→ The task
Could you restate word for word only the lines below from the one holding "-椒王火锅(厚街万达店)" to the one holding "LIMITED EDITION Vivid Nylon Thread", inclusive, and leave out the pictures?

→ Available data
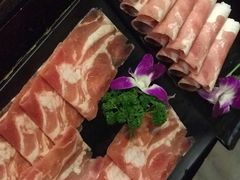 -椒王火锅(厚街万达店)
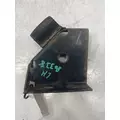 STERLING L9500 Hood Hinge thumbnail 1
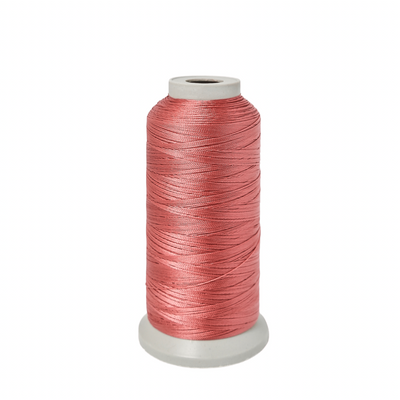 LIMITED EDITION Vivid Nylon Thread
==
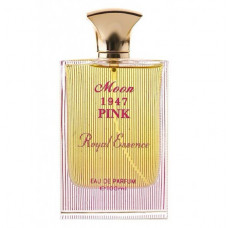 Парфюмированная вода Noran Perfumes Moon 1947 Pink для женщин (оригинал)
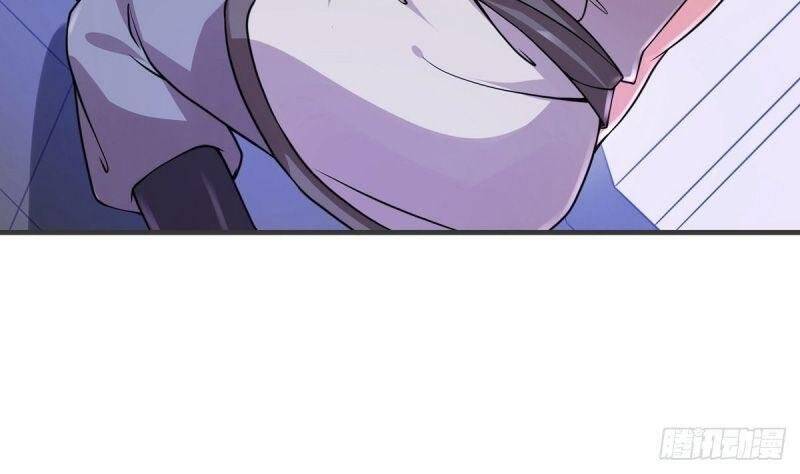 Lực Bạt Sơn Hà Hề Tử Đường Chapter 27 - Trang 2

→ Answer box
 -椒王火锅(厚街万达店)
 STERLING L9500 Hood Hinge thumbnail 1
 LIMITED EDITION Vivid Nylon Thread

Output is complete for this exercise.